Why the oversold reading matters
An RSI of 38 typically signals that selling pressure has exhausted itself in the short term, though it doesn't guarantee a bounce. For MATIC, the reading comes after weeks of steady declines that have erased gains from earlier in the quarter. The 20-day moving average — a widely watched short-term trend line — sits above the current price, confirming the bearish momentum that has dominated recent sessions.
Technical analysts describe the pattern as 'capitulation,' a market term for a final wave of selling that often precedes a reversal. But the data doesn't promise a turnaround; it only sets the stage for one.
Price target and probability window
Based on current chart patterns and support levels, analysts estimate a 70% probability that MATIC will reach a support zone between $0.28 and $0.31 within the next 10 trading days. That range has acted as a floor in previous sell-offs and would represent a further decline from current levels.

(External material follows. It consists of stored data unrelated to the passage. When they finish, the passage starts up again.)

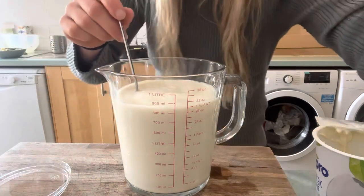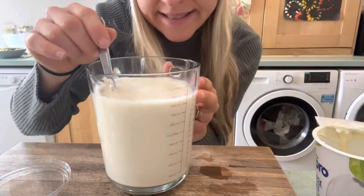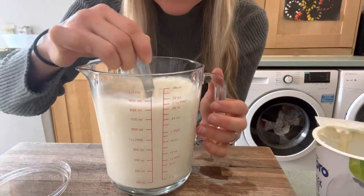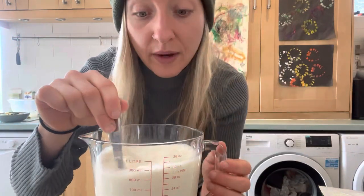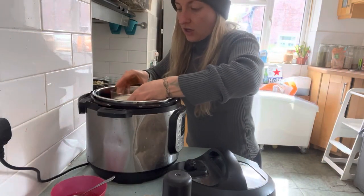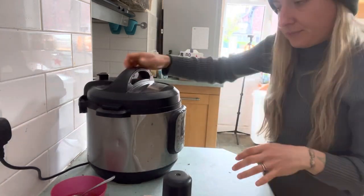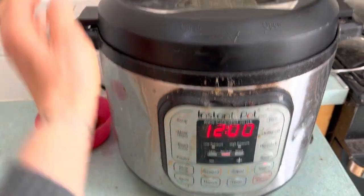I don't want it to explode, so I'm not going to fill it right to the top - I'm doing about 900 millilitres. Give it a really good mix to make sure it's all nicely incorporated. I've never made yogurt before and I find it really intimidating, but I'm so excited to think I might be able to have yogurt whenever I want - plus it's so much cheaper. Pop it into the instant pot with no rack and no water, put it on the yogurt setting, and set it to 12 hours. Make sure it's sealed at the top, and that's it - now it's just a waiting game.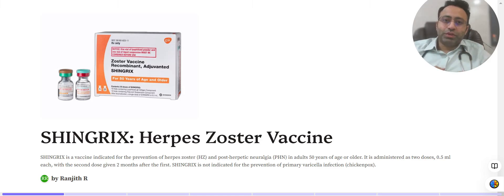Hi everyone, welcome to a new video. In this video we'll discuss herpes zoster vaccination. This video is intended for medical personnel only — if you are a non-medical person, please kindly contact your doctor. Before going further, today we are discussing a specific brand called Shingrix. We don't have any association with it, but we have used the brand Shingrix for the sake of understanding.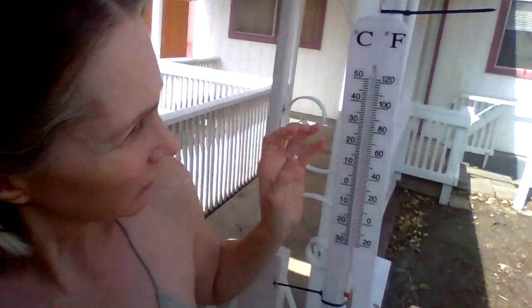Here in South Texas it's about 68 degrees — I wish it was 88 but it's warm and breezy. I just thought I'd do a little tour update.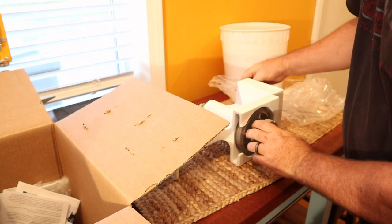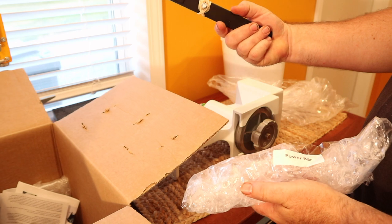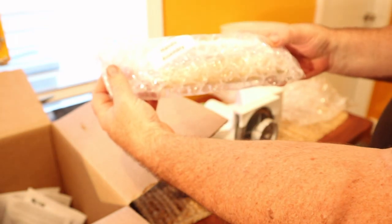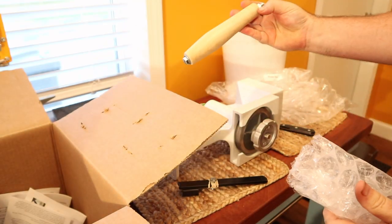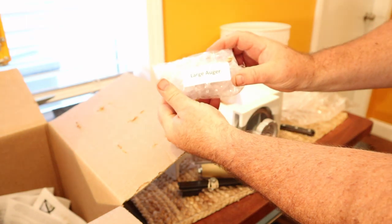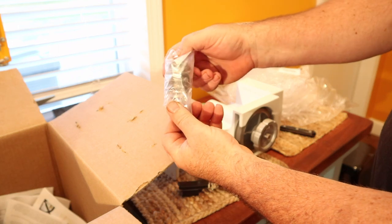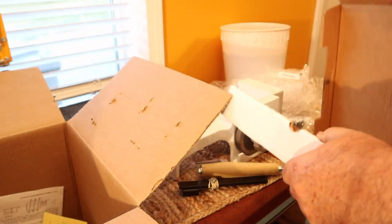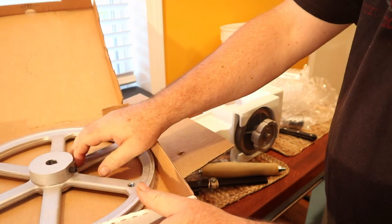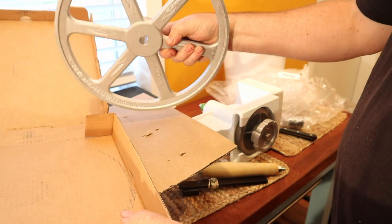What else do we have in the box? This is called a power bar — not quite sure how that goes on there yet. And we've got a handle assembly. Nice handle, and we have a large auger. We're going to leave that in the package for now. Inside of this pizza box we've got the flywheel, where we mount the handle to it.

On the bearish side, some traders are watching for a possible drop toward a 65% decline zone — a level that would put MATIC well below the $0.28-$0.31 support. That scenario would require a breakdown through the current floor and a loss of buyer confidence.
The next few trading sessions will determine whether the oversold RSI triggers a relief rally or accelerates selling toward the $0.28-$0.31 target. A close back above the 20-day moving average would invalidate the bearish setup, while failure to hold the current level would open the door to the deeper decline zone.